If no suitable job is found (D0=-2) then the scheduler is re entered (at *) until one is found. Although this might appear unlikely, ie, no job wants a slice of processor time, in fact it happens quite often. Most jobs spend their time waiting for the user! (ie, the scheduler is doing their pending input/output attempts whilst JB.STAT >0 and the job has a channel open with pending action). It reminds of the time when logging off a computer terminal used to generate the report; "You have been logged on 2 hours 47 minutes and you have used 11.31 seconds of processor time"!

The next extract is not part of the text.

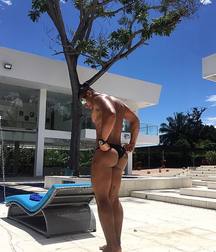 Huge Butt  5a0c7c10714c8.jpg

The following simple SuperBASIC program illustrates how assigning different priorities to jobs affects how much processor time is apportioned to each, you may be surprised at the results. For example, it is better to assign two competing jobs priorities of 2 and 64, rather than 8 and 127 respectively, if you wish give one job more precedence over the other.
At the prompt for each of the five example jobs input a priority of between 0 and 127 (ENTER alone =0, ie, to represent an inactive or suspended job). Change the value used in the INKEY$ function (line 230) to speed up/slow down the update rate (0-25). Notice some low priority jobs hardly get a look-in on the processor until quite a time has elapsed, their low priority increment takes quite a time to build up their job merit. After an erratic start the percentage figures should settle down to reflect the long term proportion of processor time assigned to the job (use CTRL F5, as usual, to momentarily freeze the display if necessary).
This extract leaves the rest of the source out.